Mengenal Eco-Theology
Oleh : Ardyansyah Saputra Basri
Sekilas Mengenai Ekologi
Ekologi atau yang dalam bahasa Yunani Kuno disebut sebagai oikologia, menjelaskan relasi yang saling berkaitan yang menopang dan memungkinkan kesejahteraan di Bumi. Relasi tersebut terwujud di antara semua makhluk yang meliputi hewan, tumbuhan, dan mineral. Dimana kesemua makhluk tersebut memainkan peran penting dalam menjaga keseimbangan komunitas bumi.
Komunitas bumi ini jika dalam bahasa Yunani dapat disebut sebagai oikos. Oikos berasal dari kata oikumene yang menggambarkan rumah bersama milik Tuhan. Sehingga seluruh komunitas merupakan milik Tuhan atau disebut sebagai Sang Pencipta.
Dalam komunitas bumi, setiap makhluk memiliki kontribusi dan peran dalam kesehatan dan ketahanan ekosistem keanekaragaman hayati. Perlu diketahui juga bahwa relasi yang dibangun oleh manusia mengandung makna ekologis.
Pada tataran tertentu, relasi ekonomi, sosial, dan politik dapat mempengaruhi keseimbangan ciptaan. Sebagai contoh, dari bumilah, segala sesuatu yang manusia kerjakan, gunakan, dan hasilkan itu berasal. Kebiasaan manusia yang mengonsumsi energi dan barang secara terus-menerus mempengaruhi ketahanan sistem planet, namun kapasitas Bumi memiliki mekanismenya sendiri untuk memulihkan dirinya dan mempertahankan kehidupan. Sehingga disini, relasi ekonomi dan politik berdampak pada manusia dan oikos Tuhan.

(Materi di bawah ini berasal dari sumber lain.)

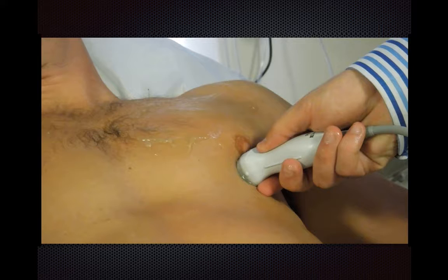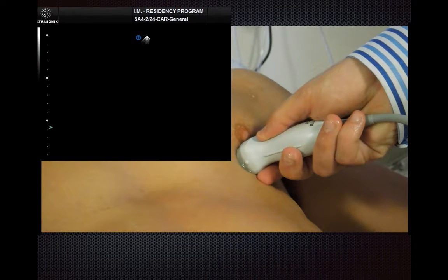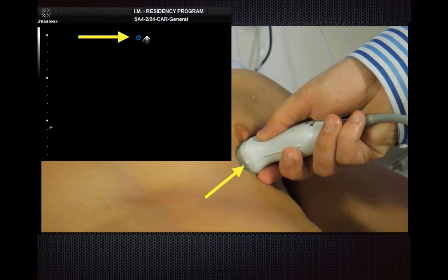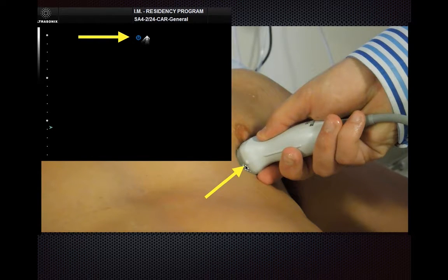In terms of where you point the transducer marker: if you're operating under the abdominal or emergency medicine setting with the screen marker on the left-hand side of the screen, then you're going to want to put the probe marker towards the patient's right. That would be the same as what you would do if you're doing a FAST exam — your screen marker is on the left-hand side and you generally point the transducer marker to the patient's right.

Menjaga relasi ekologi, sosial, ekonomi, dan politik yang adil dan seimbang memerlukan iman, akal budi, dan kebijaksanaan. Iman mengingatkan manusia bahwa dirinya bukanlah pengatur dari ciptaan lainnya, tetapi sebagai pemelihara komunitas ciptaan yang dinamis dan hidup. Karena Bumi dan segala isinya merupakan rahmat yang dipercayakan kepada manusia. Manusia sebagai khalifah di bumi bukan untuk mendominasi, tetapi untuk menjaga. Menjaga kondisi kehidupan dan menciptakan ekonomi, teknologi, dan politik yang berdasar pada batas-batas ekologis. Manusia diharapkan memberikan perhatian pada sistem dan proses alam, tradisi yang diwarisi, dan wahyu Tuhan.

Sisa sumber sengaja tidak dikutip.